WHAT YOU NEED TO DO >> Nothing but a verbatim copy of the data, minus the images, should be returned.

Captioned web image data:
● ● ● ● ● ● ●

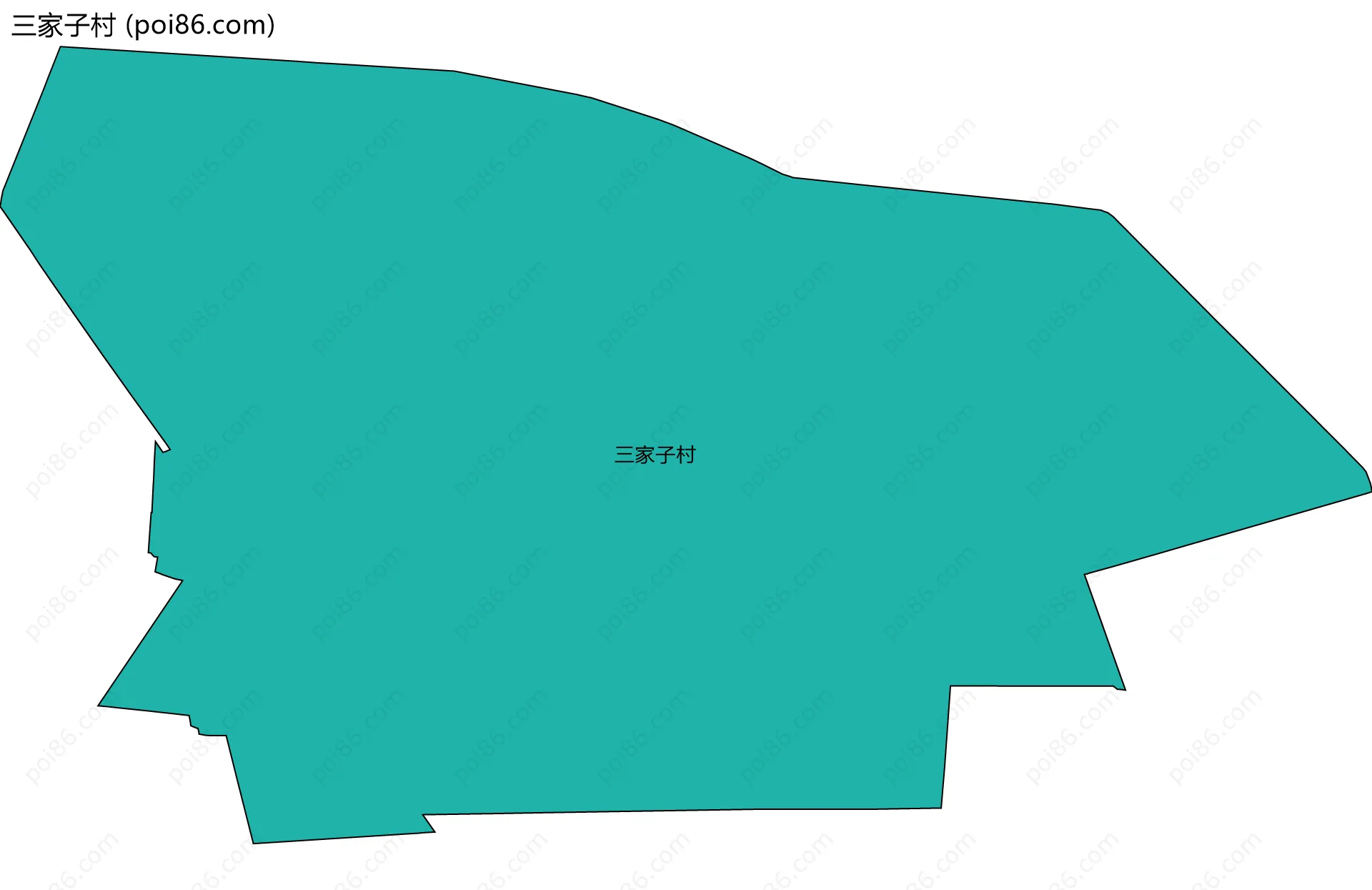 三家子村边界地图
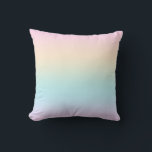 Pastel colour gradient cushion<br><div class="desc">Pale colourful ombre colours.</div>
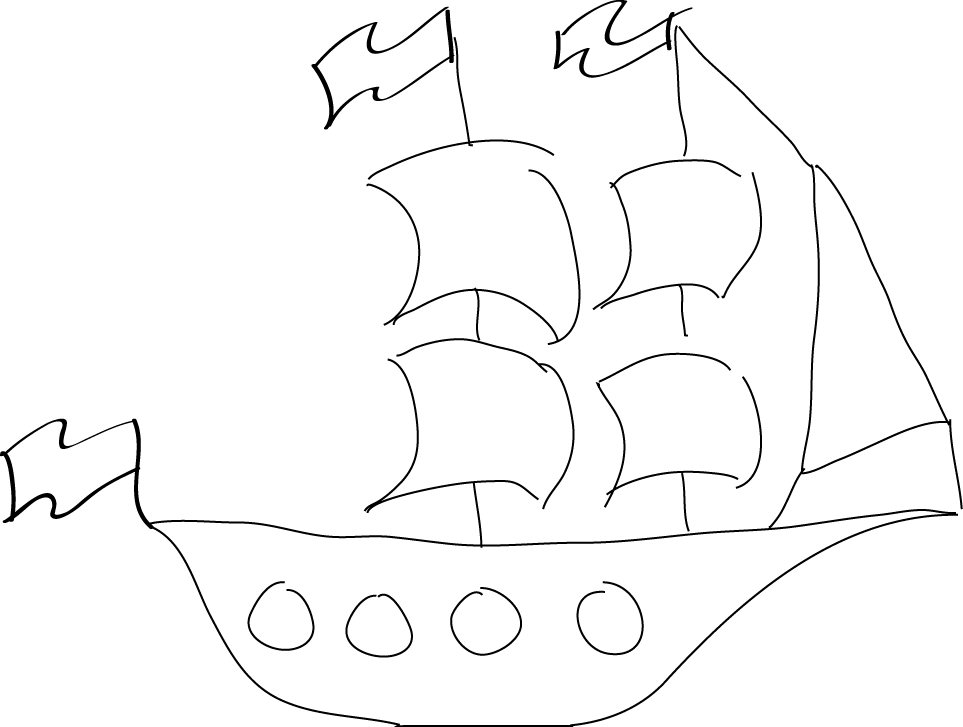 963x727 When My Very Simple Ship Comes In Stickyknowledge - Simple Ship Drawing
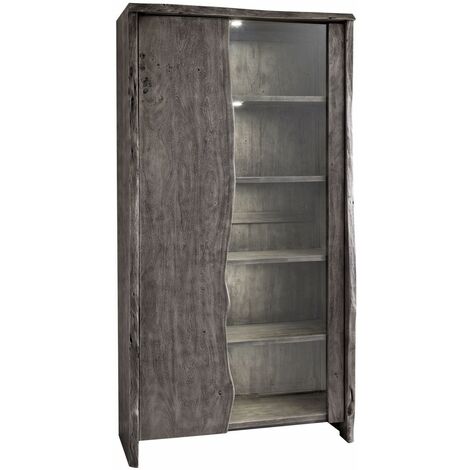 Vitrine 105x45 Acacia laqué Gris taupe PURE ACACIA 911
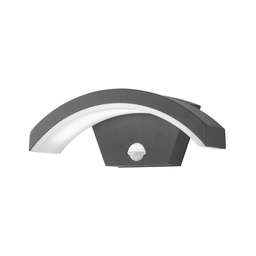 [677832] Applique Murale LED 6W 360 LM Détecteur 4000K Gris IP54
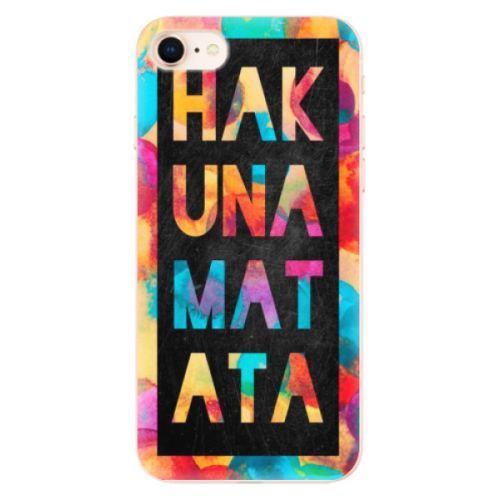Odolné silikónové puzdro iSaprio - Hakuna Matata 01 - iPhone 8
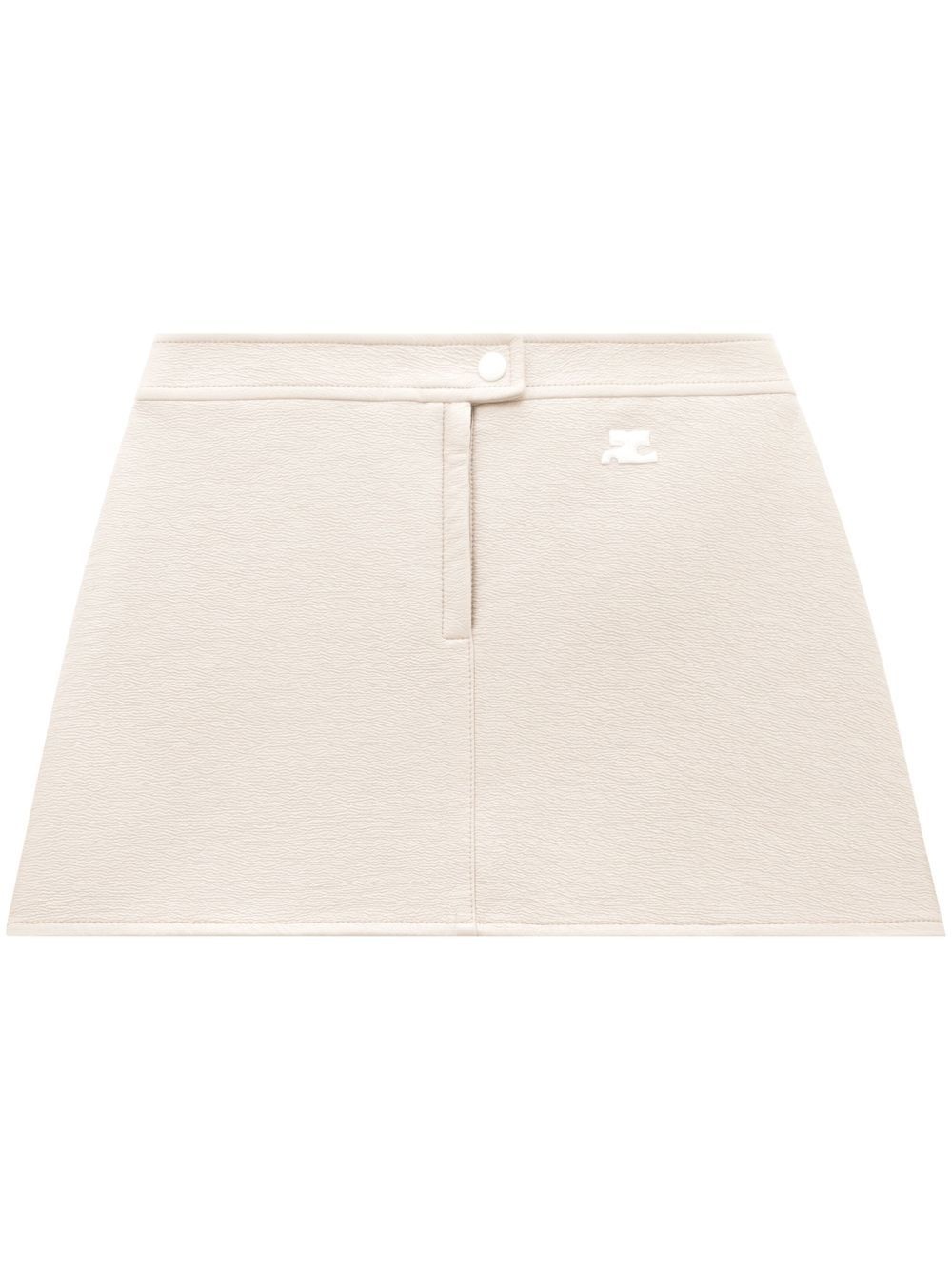 Iconique vinyl skirt - 1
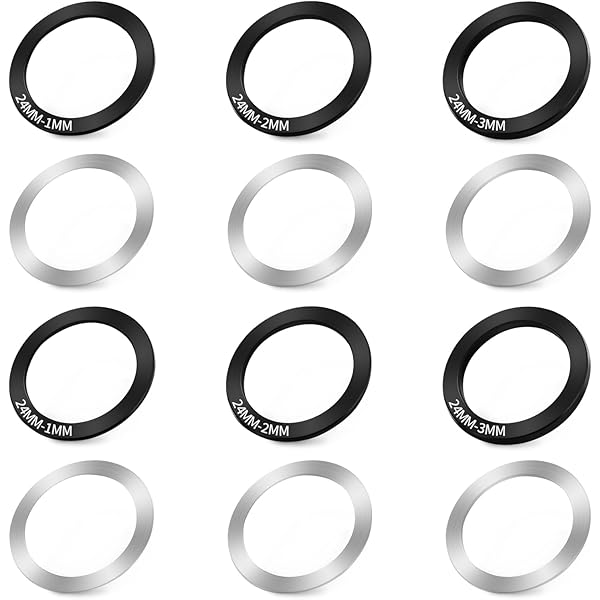 Adaptateur Universel BB30/PF30 Pour Manivelles Shimano 24mm - Noir Aluminium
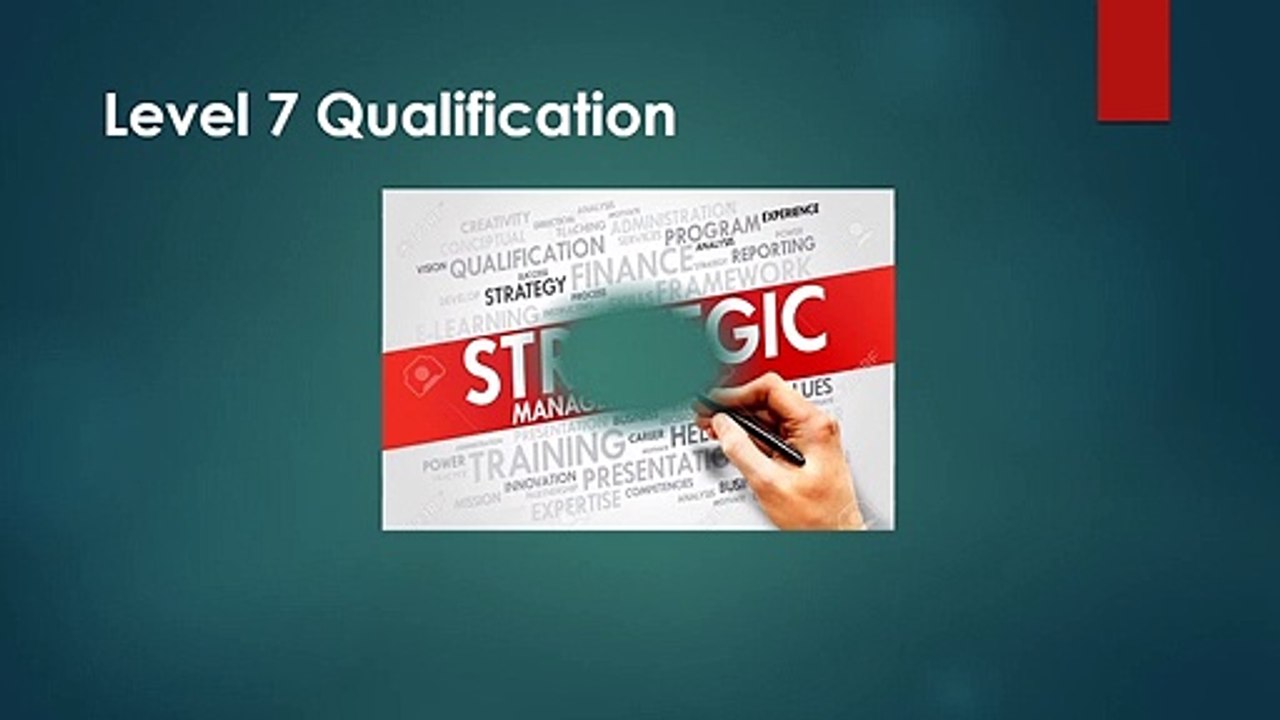 level 7 qualification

● ● ● ● ● ● ●

SOLVED EXERCISE >>
 三家子村边界地图
 Pastel colour gradient cushion<br><div class="desc">Pale colourful ombre colours.</div>
 963x727 When My Very Simple Ship Comes In Stickyknowledge - Simple Ship Drawing
 Vitrine 105x45 Acacia laqué Gris taupe PURE ACACIA 911
 [677832] Applique Murale LED 6W 360 LM Détecteur 4000K Gris IP54
Odolné silikónové puzdro iSaprio - Hakuna Matata 01 - iPhone 8
 Iconique vinyl skirt - 1
 Adaptateur Universel BB30/PF30 Pour Manivelles Shimano 24mm - Noir Aluminium
 level 7 qualification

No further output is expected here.